» **ACTION ITEM**: Start the copy at the line containing "Filling out forms ." and run it through the last line of the records. Repeat each line exactly; omit pictures.

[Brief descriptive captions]
= = = =
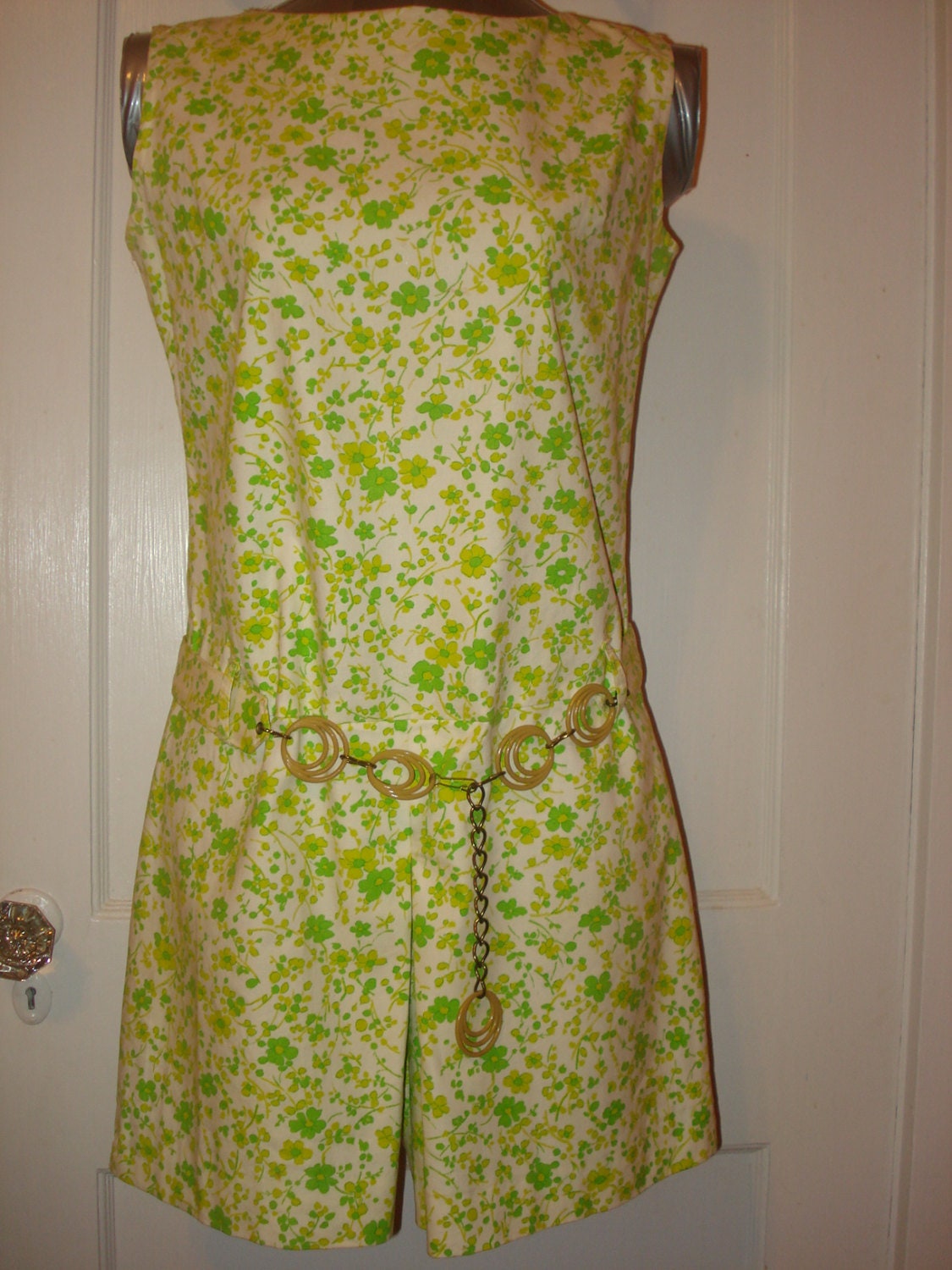 Original 1967 Mod Romper, Culottes, Skort, Short Jumpsuit & Belt Size ...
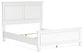 Fortman  Panel Bed With Mirrored Dresser And 2 Nightstands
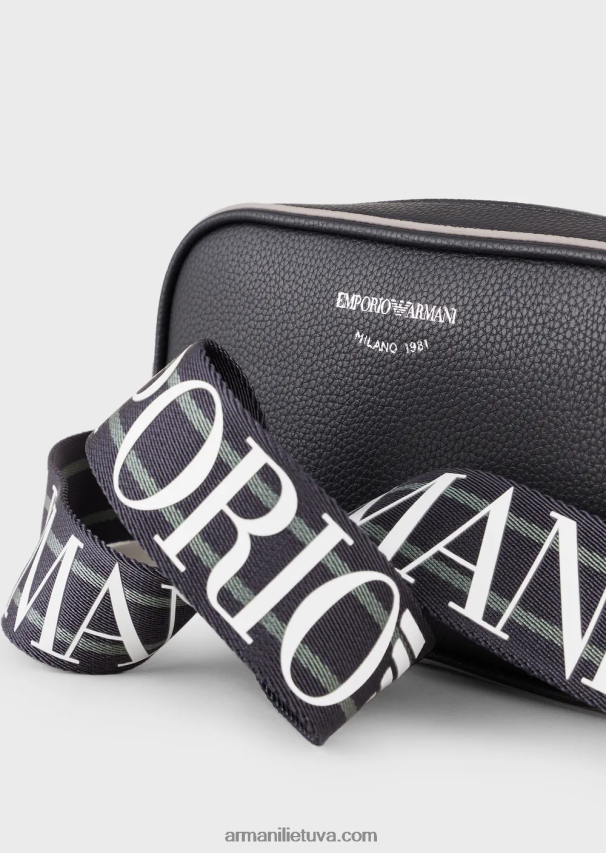 moterys tamsiai mėlyna Armani elnio atspaudo fotoaparato dėklas su peties dirželiu 02482X585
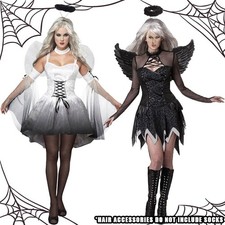 2025 Damen Kostüm Sexy Engel Vampir Kleid Horror Halloween Fasching Karneval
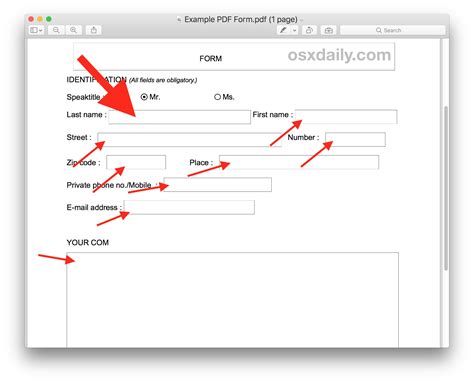 Filling out forms .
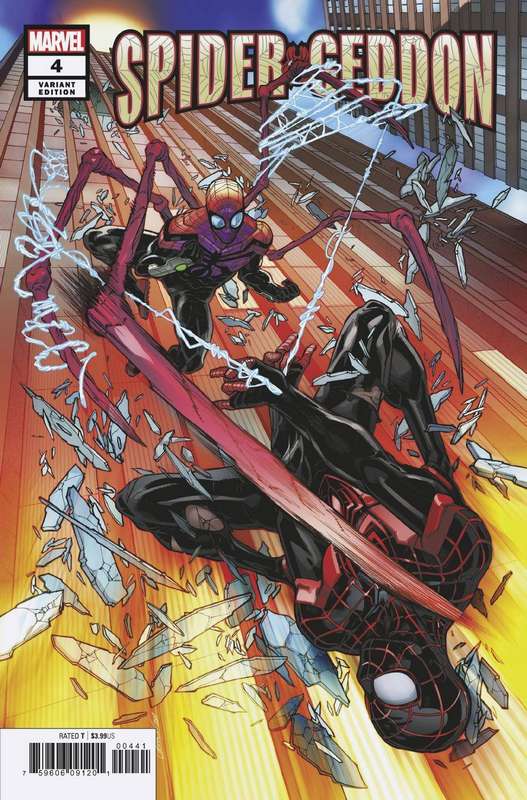 SPIDER-GEDDON #4 (OF 5) 1:25 GARRON VARIANT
= = = =
» **EXERCISE RESPONSE**:
 Filling out forms .
 SPIDER-GEDDON #4 (OF 5) 1:25 GARRON VARIANT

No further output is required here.